Background & Motivation¶

Background: Road traffic crashes cause over 1.3 million deaths annually worldwide, with economic losses reaching up to 3% of GDP. Traditional traffic safety research typically analyzes driving behavior, road infrastructure, traffic patterns, and weather in isolation, overlooking the complex spatial interactions among multiple factors.

Limitations of Prior Work: Existing DNN-based risk estimators produce point estimates without conveying model uncertainty; modern DNNs are generally miscalibrated, with predicted confidence mismatched to actual accuracy. Crash data is extremely sparse (the annual crash rate for 25m² road segments in the U.S. is approximately 0.1%), making traditional estimation methods highly unreliable.

Key Challenge: Safety-critical applications require models that are both (a) high-recall—dangerous areas must not be missed—and (b) well-calibrated—predicted confidence must faithfully reflect correctness probability. Point estimates cannot distinguish between "certain low risk" and "uncertain moderate risk."

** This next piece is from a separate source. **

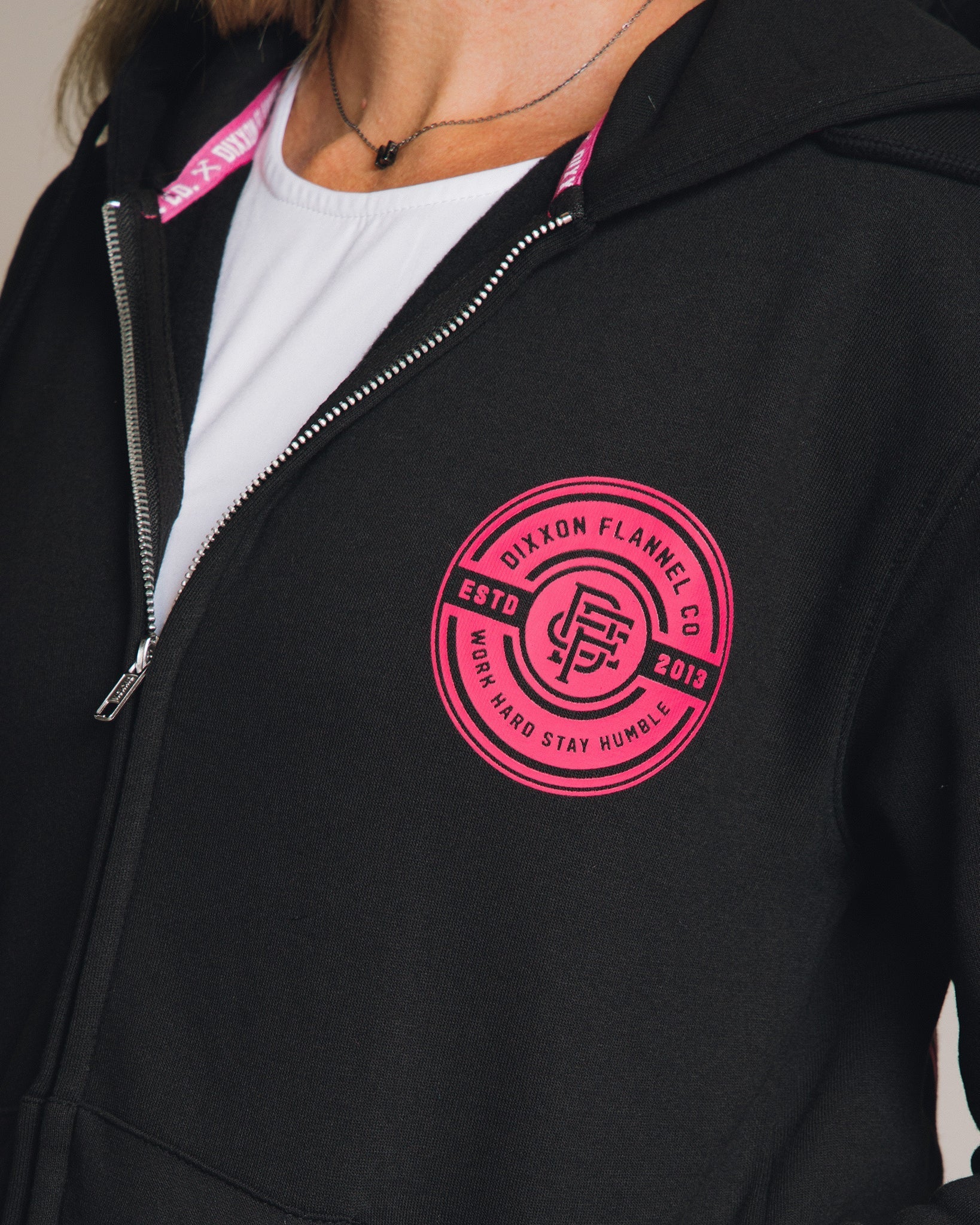 Women's Pink Work Hard Badge Zip Up Hoodie - Black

Goal: Starting from satellite imagery, learn a crash fatality risk assessment model that is accurate, well-calibrated, and capable of outputting a complete probability distribution.

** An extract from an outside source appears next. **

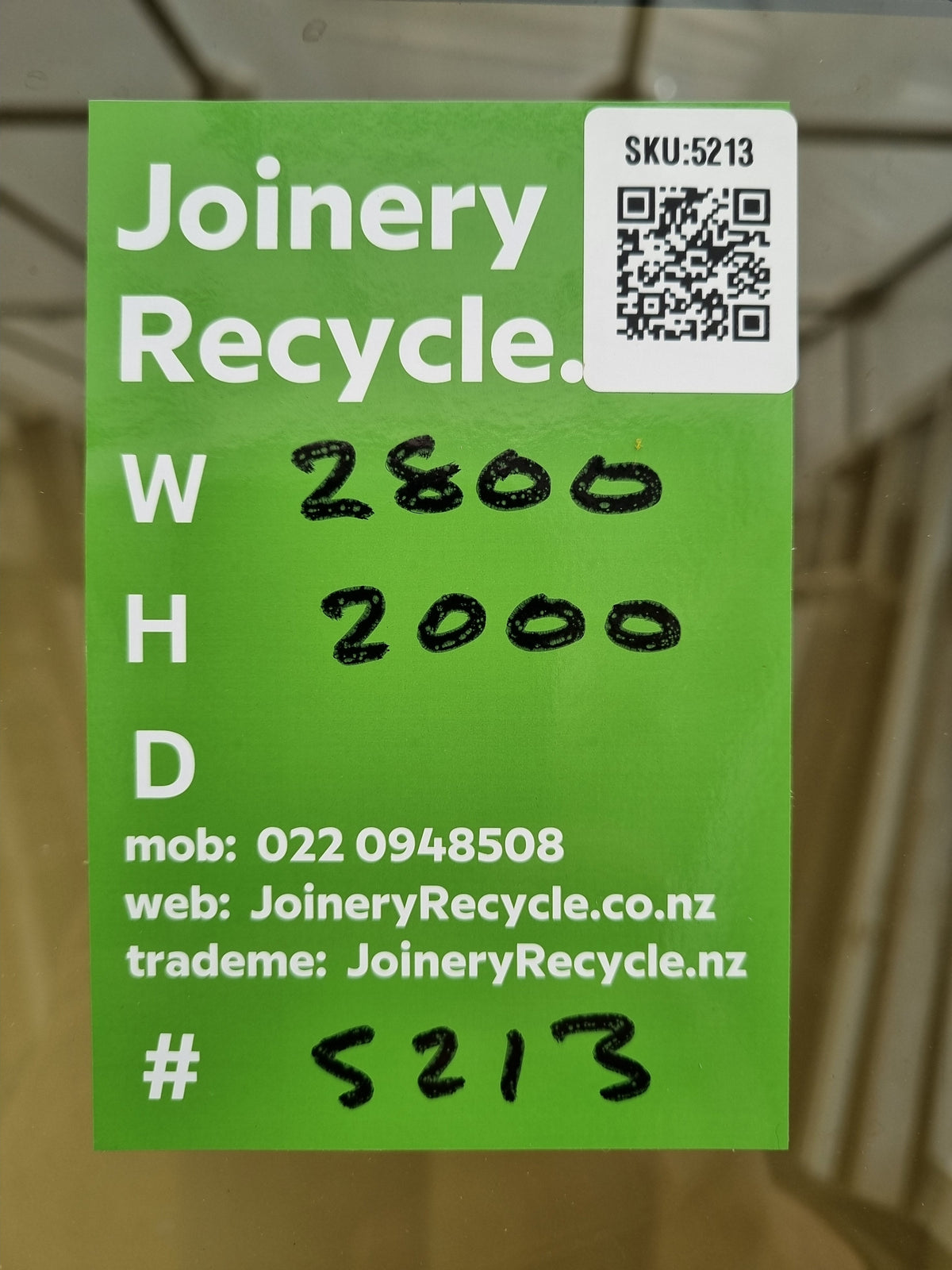 Aluminium French Door with Side Light 2800 W x 2000 H [#5213 SF] Joinery Recycle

Key Insight: Risk estimation is framed as a Beta probability distribution learning problem, exploiting the natural \([0,1]\) support and flexible shape parameters of the Beta distribution to represent both risk and uncertainty.

Core Idea: By predicting the parameters \((\alpha, \beta)\) of a Beta distribution rather than a single risk value, geometric information from data augmentation is converted into structured probabilistic supervision signals, enabling uncertainty-aware assessment of crash risk.

Method¶

Overall Architecture¶

Three satellite image crops at different resolutions (1.19, 0.60, 0.30 m/pixel) → shared ResNet-50 backbone for feature extraction → channel-wise concatenation → two parallel prediction heads:

Component	Output	Function	Used at Inference
Beta distribution head	\((\alpha, \beta)\), two positive scalars	Defines \(\text{Beta}(\alpha,\beta)\); mean \(R=\alpha/(\alpha+\beta)\) is the risk score	✓
Auxiliary classification head	Single logit	Binary classification (crash / no crash); assists backbone in learning discriminative features	✗

Key Designs¶

Beta Probabilistic Modeling

Function: The model outputs the two shape parameters \((\alpha, \beta)\) of a Beta distribution rather than a single risk scalar.
Mechanism: A sharp Beta distribution (large \(\alpha+\beta\)) indicates high confidence; a broad distribution (small \(\alpha+\beta\)) indicates high uncertainty. The same mean of 0.5 can correspond to two semantically distinct cases: "confidently moderate risk" (\(\alpha=10, \beta=10\)) vs. "highly uncertain" (\(\alpha=2, \beta=2\)).
Design Motivation: Safety-critical applications require the model to express not only its predictions but also its degree of confidence. The Beta distribution is naturally defined on \([0,1]\), perfectly matching the value range of risk probabilities.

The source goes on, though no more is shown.